What Embeddings Are and Why Choosing the Right Model Matters

Text embeddings convert words, sentences, or entire documents into dense numerical vectors that capture semantic meaning. Two pieces of text that mean similar things end up close together in vector space, even if they share zero words in common. This property is what makes modern AI search, retrieval augmented generation (RAG), recommendation engines, and classification systems possible.

The embedding model you choose sits at the foundation of your entire AI pipeline. If your embeddings are mediocre, no amount of clever re-ranking, prompt engineering, or vector database tuning will fix the retrieval quality downstream. We have seen teams burn weeks debugging their RAG system only to discover the root cause was a poorly chosen embedding model that could not distinguish between domain-specific concepts.

The market has expanded dramatically since 2024. OpenAI is no longer the only serious contender. Cohere, Google, Voyage AI, and a wave of open source models now compete on quality, cost, and specialization. The differences between them are not academic. On domain-specific benchmarks, the gap between the best and worst performer can be 15 to 20 percentage points in retrieval accuracy. Choosing the right model for your use case is one of the highest-leverage decisions you will make.
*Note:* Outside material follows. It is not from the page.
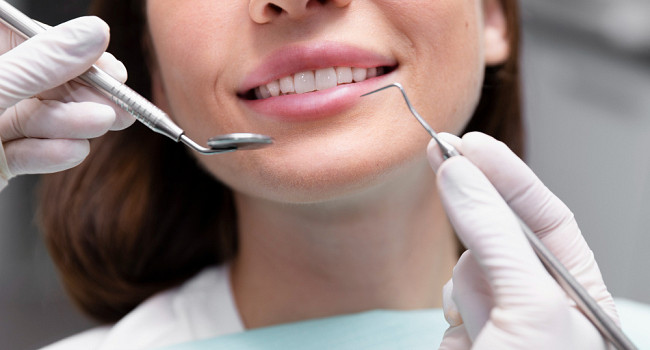 Отбеливание зубов Санкт-Петербург - изображение 2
Abstract visualization of neural network embeddings and vector space representations

This guide compares every major embedding model available in 2026 across real benchmarks, production costs, and practical tradeoffs. We are opinionated here: OpenAI text-embedding-3 is overused because it is the default, not because it is the best. For many domains, Cohere and open source models deliver stronger results at lower cost.

Commercial Embedding Models: The Major Providers

Let us start with the API-based commercial options that most teams evaluate first.
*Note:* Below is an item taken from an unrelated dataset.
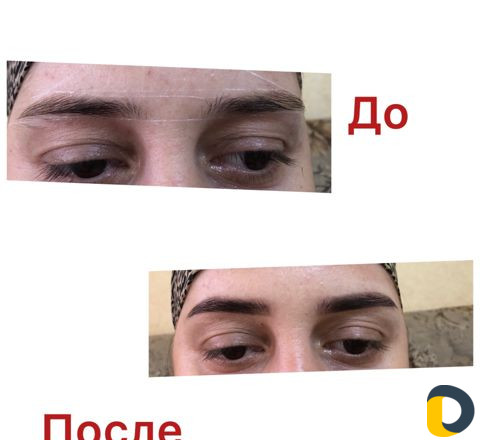 Бровист
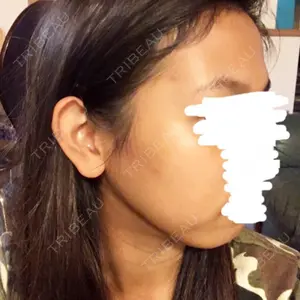 赤坂プレミアクリニック口コミ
OpenAI text-embedding-3-large and text-embedding-3-small

OpenAI text-embedding-3-large produces 3,072-dimensional vectors and scores 64.6 on the MTEB benchmark (average across all tasks). The smaller variant, text-embedding-3-small, outputs 1,536 dimensions and scores 62.3 on MTEB. Both support Matryoshka representations, meaning you can truncate vectors to 256, 512, or 1,024 dimensions with graceful accuracy degradation. Pricing sits at $0.13 per million tokens for the large model and $0.02 per million tokens for the small model.

The OpenAI models are competent general-purpose embeddings. Their biggest advantage is ecosystem integration: every vector database, framework, and tutorial defaults to OpenAI. Their weakness is that they are not best-in-class on any specific task category. On retrieval-focused benchmarks (the ones that matter most for RAG), Cohere and several open source models consistently outperform them.

Cohere embed-v4

Cohere embed-v4 is, in our assessment, the strongest commercial embedding API available today. It produces 1,024-dimensional vectors by default, scores 66.2 on MTEB overall, and dominates retrieval-specific benchmarks with a score of 58.4 on MTEB retrieval tasks (compared to 55.4 for OpenAI text-embedding-3-large). Pricing is $0.10 per million tokens.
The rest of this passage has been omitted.